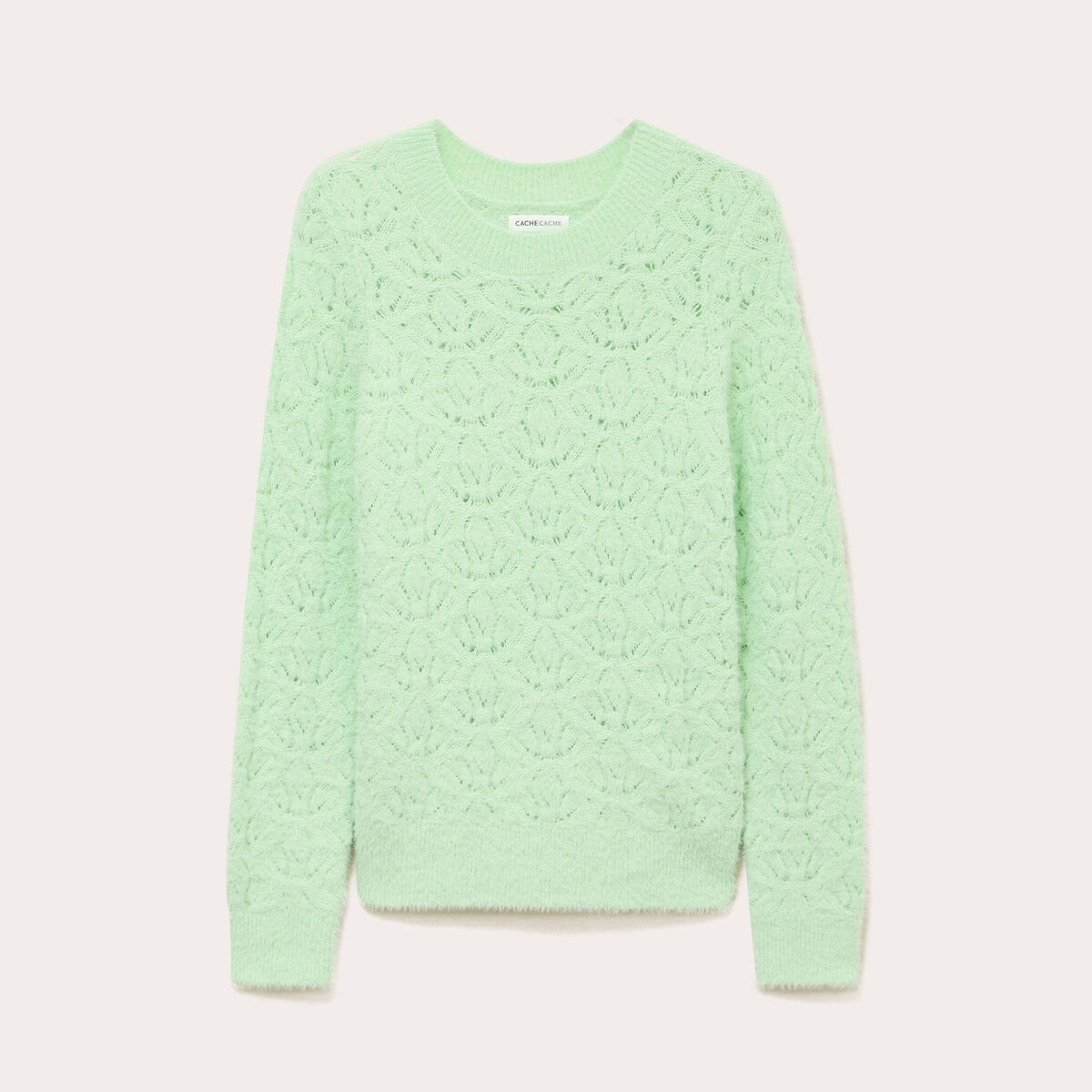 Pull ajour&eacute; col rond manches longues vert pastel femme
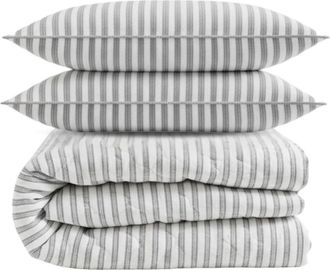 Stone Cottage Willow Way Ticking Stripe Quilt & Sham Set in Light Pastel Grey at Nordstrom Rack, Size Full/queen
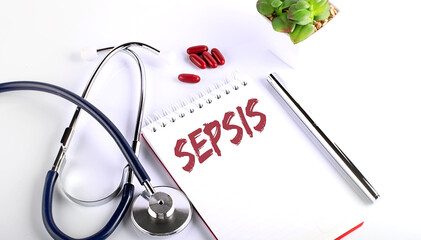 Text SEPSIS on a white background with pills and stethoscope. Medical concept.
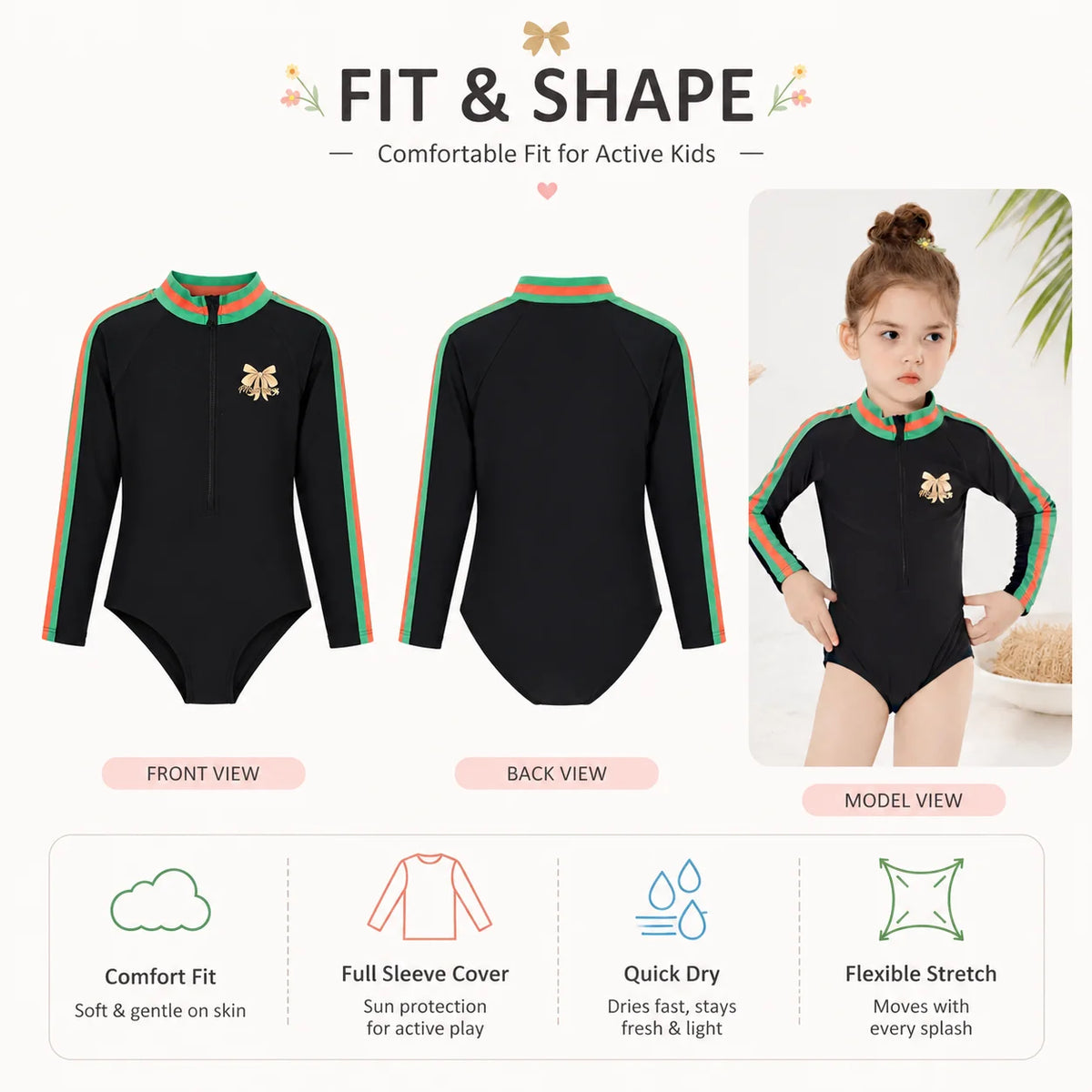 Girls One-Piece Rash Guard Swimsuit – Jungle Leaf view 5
+-------+
> Problem details: Go through the lines above and write each one out verbatim, skipping the pictures.

> The completed task:
 Pull ajour&eacute; col rond manches longues vert pastel femme
 Stone Cottage Willow Way Ticking Stripe Quilt & Sham Set in Light Pastel Grey at Nordstrom Rack, Size Full/queen
 Text SEPSIS on a white background with pills and stethoscope. Medical concept.
 Girls One-Piece Rash Guard Swimsuit – Jungle Leaf view 5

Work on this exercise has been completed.